Saturday, 13 June 2015

Internet Magna Carta

Somehow I missed this.

Thousands of young people have taken part in a UK debate about what should be included in a "Magna Carta" for the digital age.

In case you don’t know, the original Magna Carta (“Great Charter”)  of 1215 was a document signed by King John to effectively curtail his powers and grant protection to various people and organisations (mostly nobles and, needless to say, the church).  It was largely ignored and was repealed and re-instated many times in different forms, which sounds like an ideal analogy for any such agreement for the digital age.

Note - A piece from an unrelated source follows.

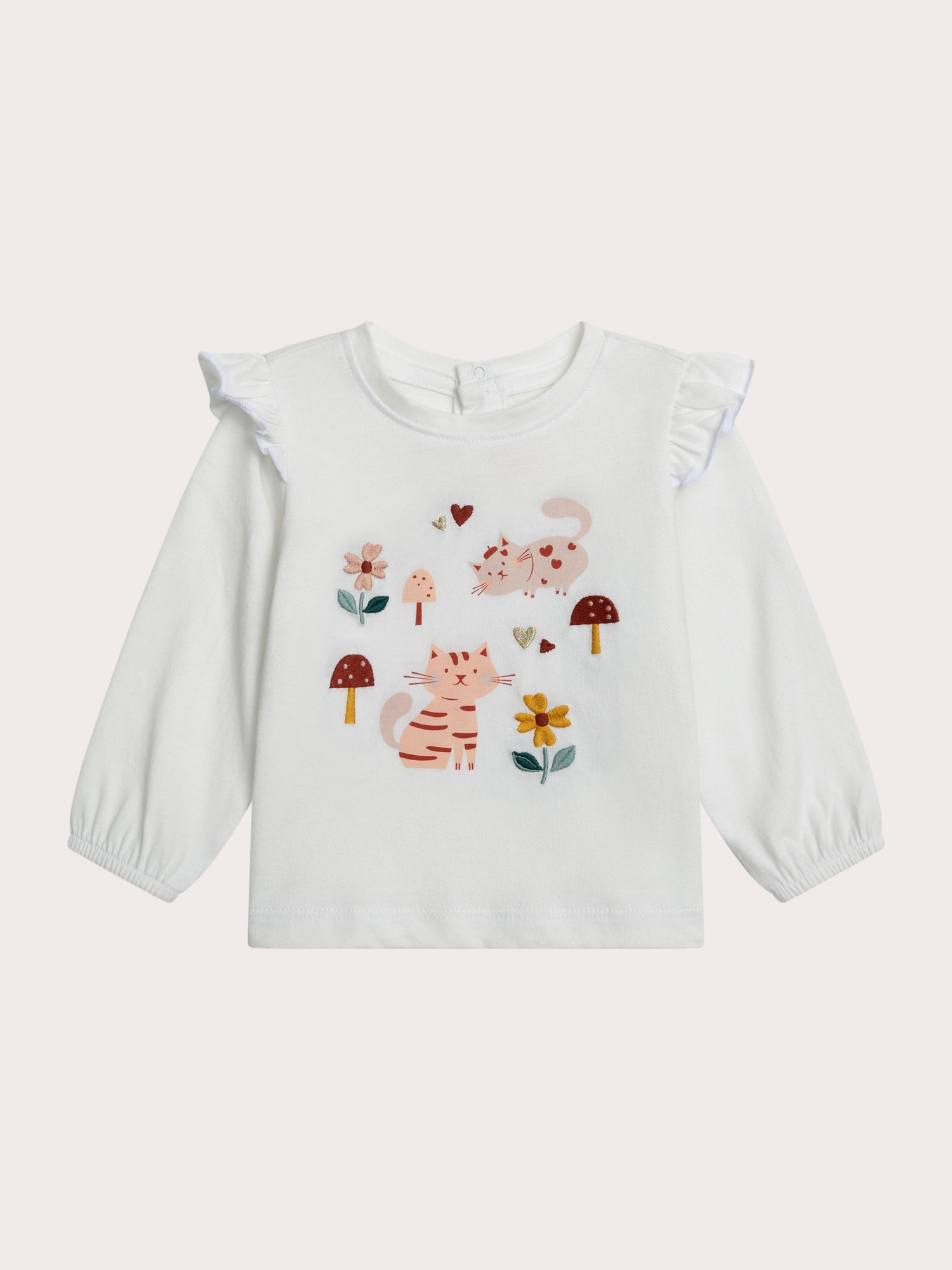 Tee-Shirt animation chat pour bébé fille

But it’s an interesting and fun idea.

The public can now vote online for the clauses [the thousands of young people suggested, in a project organised by the British Library.

I’m all for that as an exercise to find out what people want and how they think about things, even though it won’t have any effect on how laws develop.  Not everything has to be practical.

Their most popular priority was safety on the net, followed by protecting freedom of speech and privacy.

You see? That’s encouraging news.

According to analysts ComRes, 29% of people aged 10-18 opted specifically for safety while 17% chose freedom of speech as a clause they wanted to support.

I don’t know whether those votes overlap.  It would be strange if they could only choose one.  Freedom of speech and safety are hard to untangle anyway; freedom of speech is about some kinds of safety and requires safety. Safety requires, among other things, freedom of speech.

"Nearly half of the clauses talked about students wanting to feel safe and protected online," project manager Sarah Shaw told the BBC.

"We thought there would be more talk about freedom online, and not so much talk on more of a conservative manner."

Shaw seems almost disappointed that the young people said things she didn’t expect. It doesn’t surprise me very much that they valued safety above freedom, especially since those categories overlap so much.  It would be interesting to see the demographics of the people taking part.  Are many of them likely to have come across serious curtailment of their freedom? I’m not sure freedom was something I thought about until much later in life, but then I pretty much ran wild as a kid.  I knew about safety, though. We had stranger-danger drilled into us at primary school as well as (at least for us rural kids), the notorious and unintentionally hilarious public safety film which featured an entire group of kids meeting horrific ends on a farm. Besides:

Seven of the existing top 10 clauses mention freedom.

That seems like a lot to me.

"Several clauses talked about wanting cyber-police," she said.

We tell young people that the police are their friends and there to help them. An extraordinary idea to be sure but we should hardly be surprised when they suggest an internet police force.  I’m sure they’re thinking of a group of people with special powers who are there to protect us from harm, which is what we told them the real police were in the first place, for some reason.

Anyway, an interesting, if limited, experiment. It’ll be interesting to find out what varieties of young people they asked.